UNITED NATIONS -- The Global Compact, a U.N. program intended
to help businesses become better world citizens, celebrates its
first anniversary yesterday with more than 300 corporate partners,
up from 44 at its launch.
Though it so far has little to show for its efforts, participating firms
are to post their techniques for dealing with the many labor, human
rights and environmental challenges spawned by globalization on
the program's Web site in October, said U.N. Assistant Secretary-
General Michael Doyle.
The idea, he said in a recent interview, is to use the Web site,
www.unglobalcompact.org, as the foundation for a learning network where companies can share "best practices" on how they deal with the human side of economic change.
"It's going to be a genuine learning exchange," he said. "One year
in, we've seen the companies making the kinds of practical and
intellectual bridges we were hoping for."
Doyle acknowledged the program's form was in part dictated by a
recognition that the corporate world was unwilling to accept binding
global standards on corporate governance.

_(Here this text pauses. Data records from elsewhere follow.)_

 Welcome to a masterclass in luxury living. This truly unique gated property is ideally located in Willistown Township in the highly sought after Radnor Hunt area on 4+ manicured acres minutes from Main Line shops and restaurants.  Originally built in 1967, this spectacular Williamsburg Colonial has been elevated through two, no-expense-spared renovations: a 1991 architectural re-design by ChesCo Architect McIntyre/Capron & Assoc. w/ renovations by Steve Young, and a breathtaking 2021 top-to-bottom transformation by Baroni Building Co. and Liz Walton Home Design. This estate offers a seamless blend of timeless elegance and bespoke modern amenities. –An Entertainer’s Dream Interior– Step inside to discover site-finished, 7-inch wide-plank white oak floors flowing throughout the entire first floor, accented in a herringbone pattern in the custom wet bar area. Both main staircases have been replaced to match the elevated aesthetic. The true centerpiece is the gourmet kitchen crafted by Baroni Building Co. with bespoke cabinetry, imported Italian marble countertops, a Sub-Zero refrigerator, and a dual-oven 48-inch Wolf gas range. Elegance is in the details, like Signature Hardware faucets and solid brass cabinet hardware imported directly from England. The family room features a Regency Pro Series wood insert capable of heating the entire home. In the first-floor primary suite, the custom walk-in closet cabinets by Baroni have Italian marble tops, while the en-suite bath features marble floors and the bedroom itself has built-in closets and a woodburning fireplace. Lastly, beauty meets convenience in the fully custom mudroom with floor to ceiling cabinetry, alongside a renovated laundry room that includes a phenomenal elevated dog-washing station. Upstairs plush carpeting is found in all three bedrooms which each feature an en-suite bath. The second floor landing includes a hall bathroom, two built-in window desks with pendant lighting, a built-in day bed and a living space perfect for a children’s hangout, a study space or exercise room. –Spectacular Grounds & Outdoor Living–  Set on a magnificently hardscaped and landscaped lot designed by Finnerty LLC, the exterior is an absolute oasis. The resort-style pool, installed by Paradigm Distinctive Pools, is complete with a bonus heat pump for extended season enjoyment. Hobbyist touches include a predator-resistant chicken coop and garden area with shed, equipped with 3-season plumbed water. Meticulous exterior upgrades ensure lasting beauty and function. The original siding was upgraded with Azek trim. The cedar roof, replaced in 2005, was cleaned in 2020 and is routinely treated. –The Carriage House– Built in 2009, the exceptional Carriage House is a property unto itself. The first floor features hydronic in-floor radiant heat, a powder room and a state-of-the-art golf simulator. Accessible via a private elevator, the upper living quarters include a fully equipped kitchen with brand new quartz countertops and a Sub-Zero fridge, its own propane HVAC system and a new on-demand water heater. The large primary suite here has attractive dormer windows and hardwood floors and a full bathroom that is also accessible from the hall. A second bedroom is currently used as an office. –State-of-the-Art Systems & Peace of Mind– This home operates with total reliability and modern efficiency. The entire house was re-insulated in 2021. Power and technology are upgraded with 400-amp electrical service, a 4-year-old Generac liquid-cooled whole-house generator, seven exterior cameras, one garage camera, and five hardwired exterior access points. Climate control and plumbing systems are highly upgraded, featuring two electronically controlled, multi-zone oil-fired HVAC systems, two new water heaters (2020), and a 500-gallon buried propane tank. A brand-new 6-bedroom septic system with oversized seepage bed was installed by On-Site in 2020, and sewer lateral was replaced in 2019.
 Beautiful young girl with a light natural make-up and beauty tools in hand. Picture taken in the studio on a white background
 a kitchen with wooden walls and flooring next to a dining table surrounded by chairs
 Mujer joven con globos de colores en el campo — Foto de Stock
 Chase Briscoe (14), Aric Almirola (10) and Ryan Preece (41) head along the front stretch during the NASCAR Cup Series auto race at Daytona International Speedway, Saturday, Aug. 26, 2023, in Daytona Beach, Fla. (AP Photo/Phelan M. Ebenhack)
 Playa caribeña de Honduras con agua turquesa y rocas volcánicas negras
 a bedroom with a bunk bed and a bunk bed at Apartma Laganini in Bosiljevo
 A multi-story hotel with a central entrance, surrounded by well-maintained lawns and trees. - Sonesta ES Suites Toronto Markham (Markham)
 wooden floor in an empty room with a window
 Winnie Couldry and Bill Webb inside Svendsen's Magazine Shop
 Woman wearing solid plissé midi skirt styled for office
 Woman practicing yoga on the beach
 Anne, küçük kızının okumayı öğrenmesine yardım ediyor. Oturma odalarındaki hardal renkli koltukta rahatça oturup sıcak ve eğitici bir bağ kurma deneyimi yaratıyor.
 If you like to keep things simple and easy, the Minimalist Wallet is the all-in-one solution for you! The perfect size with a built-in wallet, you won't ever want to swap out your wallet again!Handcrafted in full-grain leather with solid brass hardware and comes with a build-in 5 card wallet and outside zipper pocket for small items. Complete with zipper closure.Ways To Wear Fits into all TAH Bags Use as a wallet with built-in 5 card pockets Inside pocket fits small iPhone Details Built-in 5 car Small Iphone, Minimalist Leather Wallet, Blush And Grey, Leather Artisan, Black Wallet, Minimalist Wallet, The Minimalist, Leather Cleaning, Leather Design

But environmental and human rights groups that have been
participating in the program from the start said they were
nonetheless underwhelmed by the Global Compact's achievements
"Viewing the program solely as a learning experience represents a
wasted opportunity in assuring corporate responsibility," said
Arvind Ganesan, the Washington-based director of business and
human rights programs for Human Rights Watch. "The progress we
expected on moving beyond just a learning forum hasn't occurred
COMMITMENT TO HUMAN RIGHTS
Doyle said companies participate in the Global Compact by
making a commitment to observe a series of general principles on
human rights, labor relations and environmental protection, and to
engage in an open dialogue on how they were doing so.
Once their chosen methods of carrying out those guidelines are
posted on the Internet, they are subjected to critiques - by their
own employees as well as outsiders including human rights and
environmental groups and labor unions.
Among the firms already posting their submissions, the German
chemical giant BASF said, for example, that it had developed a
code of conduct linked to business goals and was assessing the
environmental impact of its activities.
South Africa's state-owned Eskom, Africa's largest provider of
electricity, said it had incorporated human rights considerations
into its decision-making and was actively recruiting more black
Ganesan of Human Rights Watch said that since the program had
issued guidelines on how businesses should behave, it should at
least try to assure the guidelines were being applied, for example
by procuring goods only from responsible companies.
It should also try to assure that companies were moving forward,
by adopting new measures rather than simply reporting on past
accomplishments, he said.
Even the United Nations itself was not yet applying the guidelines
in its own procurement policies, he said.